* Dataset records
= Beginning of Section =

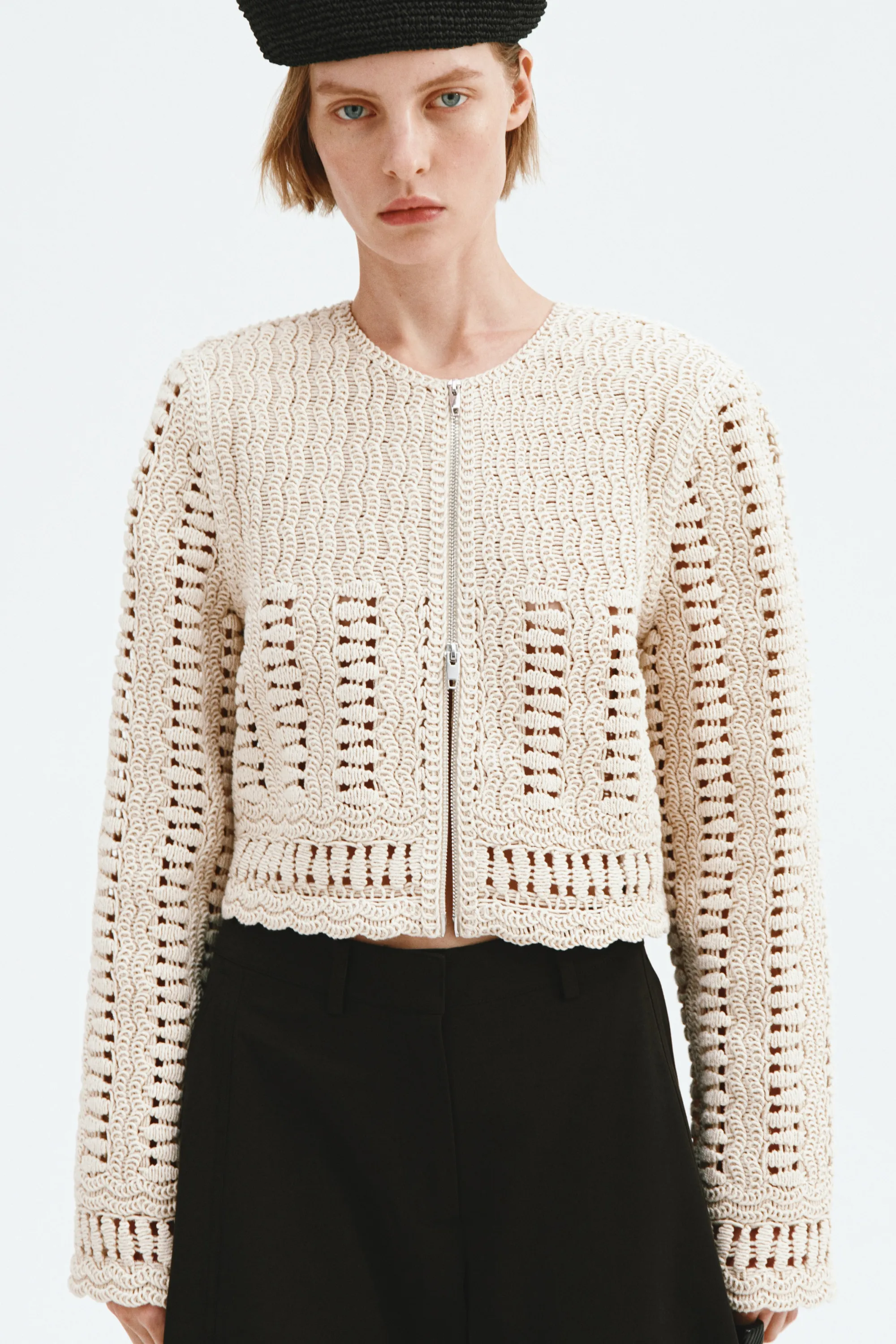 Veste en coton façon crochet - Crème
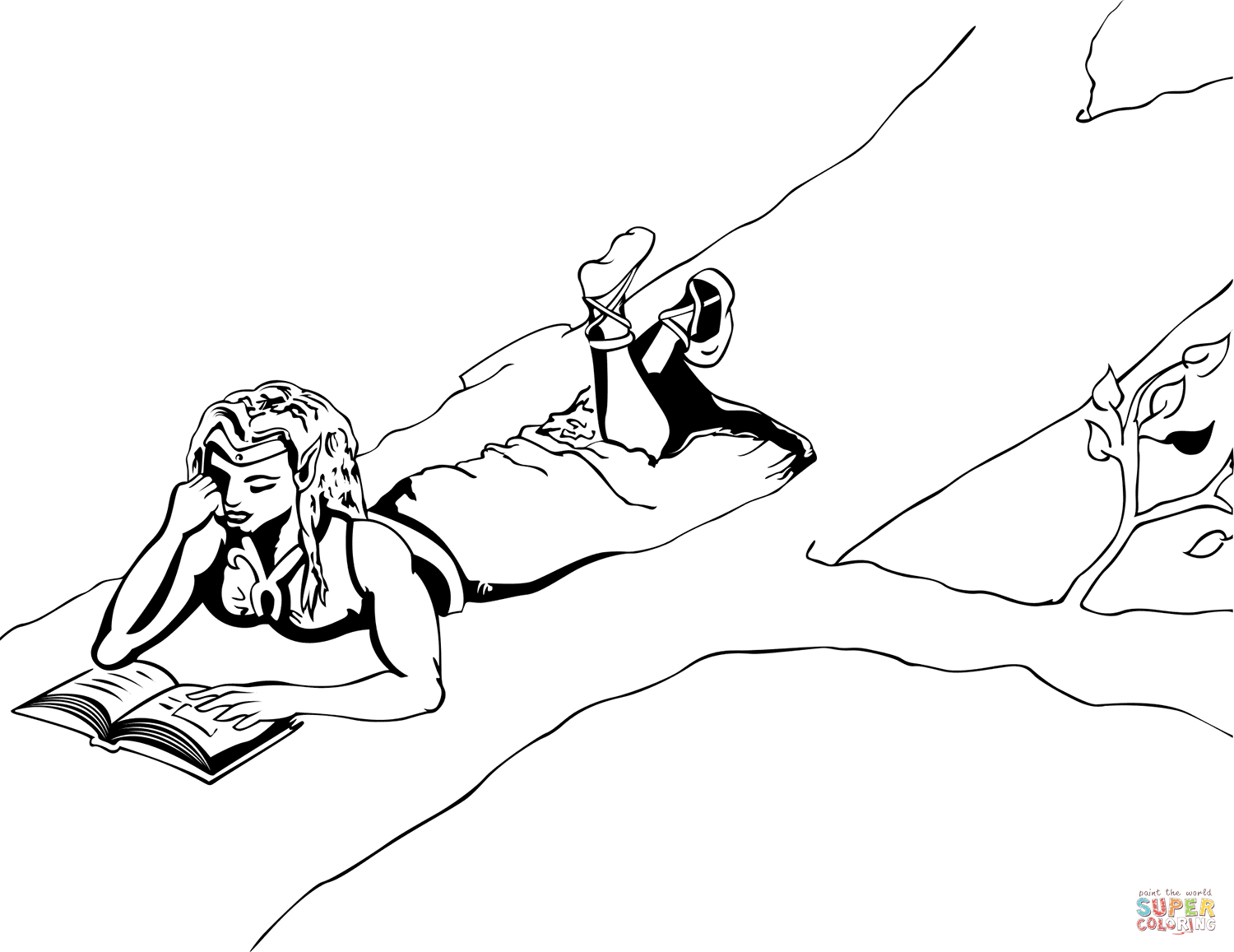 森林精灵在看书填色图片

= End of Section =
= Beginning of Section =

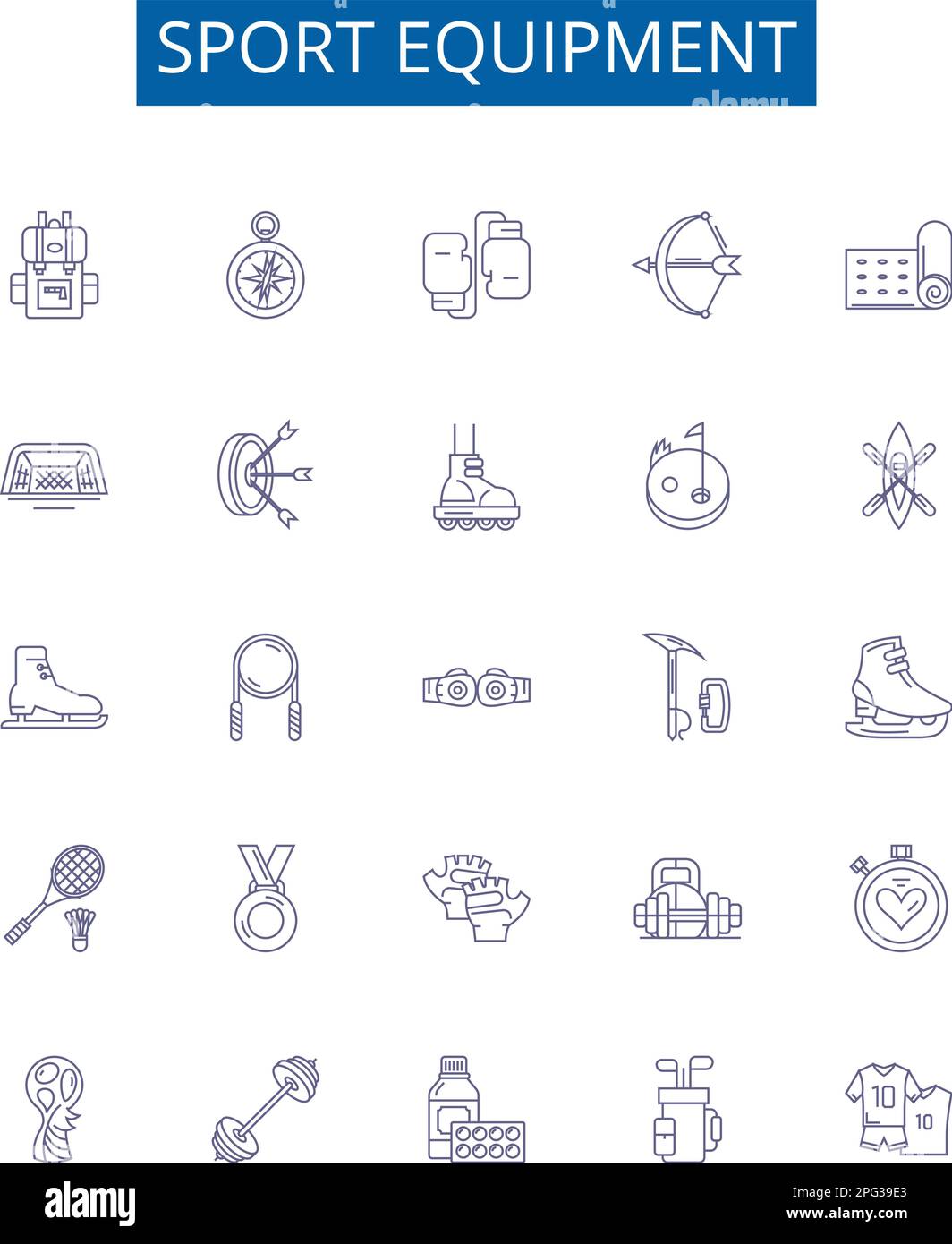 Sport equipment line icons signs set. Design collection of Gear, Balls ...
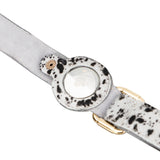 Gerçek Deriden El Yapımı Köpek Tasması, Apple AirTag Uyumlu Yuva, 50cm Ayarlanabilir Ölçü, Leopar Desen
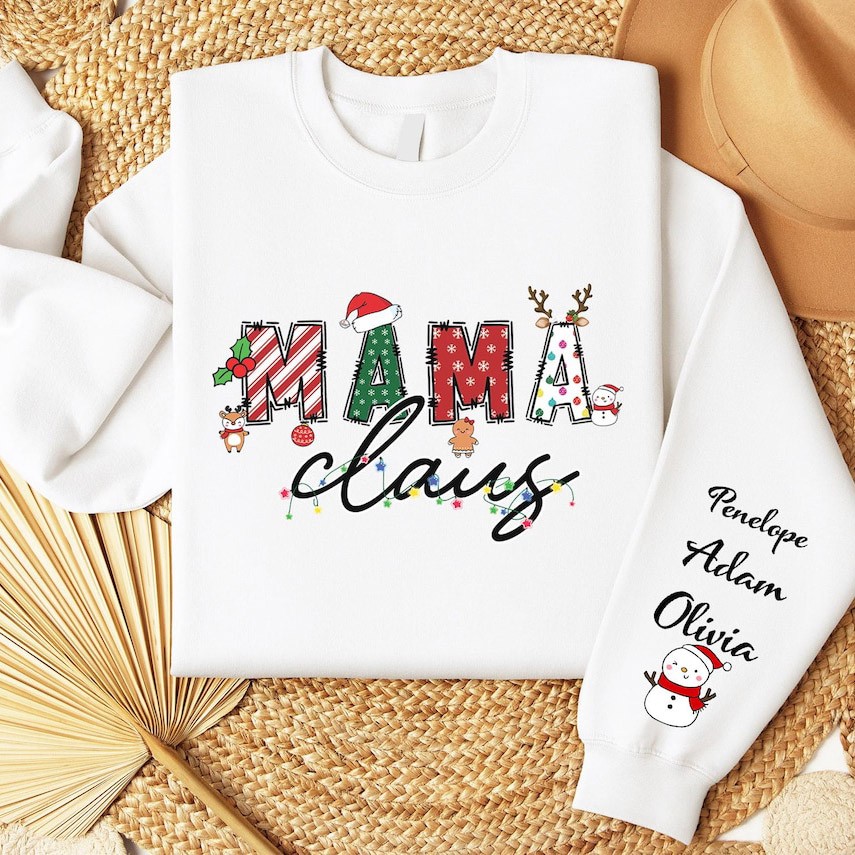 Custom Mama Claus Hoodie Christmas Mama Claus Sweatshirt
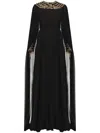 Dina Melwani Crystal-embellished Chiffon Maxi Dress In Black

= End of Section =
= Beginning of Section =

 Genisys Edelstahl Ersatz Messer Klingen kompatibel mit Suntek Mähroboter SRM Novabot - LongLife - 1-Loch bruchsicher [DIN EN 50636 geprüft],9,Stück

= End of Section =

* Goal of the exercise
Keep to the lines above from the line with "Veste en coton façon crochet - Crème" to the line with "森林精灵在看书填色图片", and set down exactly those, inclusive, with nothing else and every picture left out.

* Answer for this exercise
 Veste en coton façon crochet - Crème
 森林精灵在看书填色图片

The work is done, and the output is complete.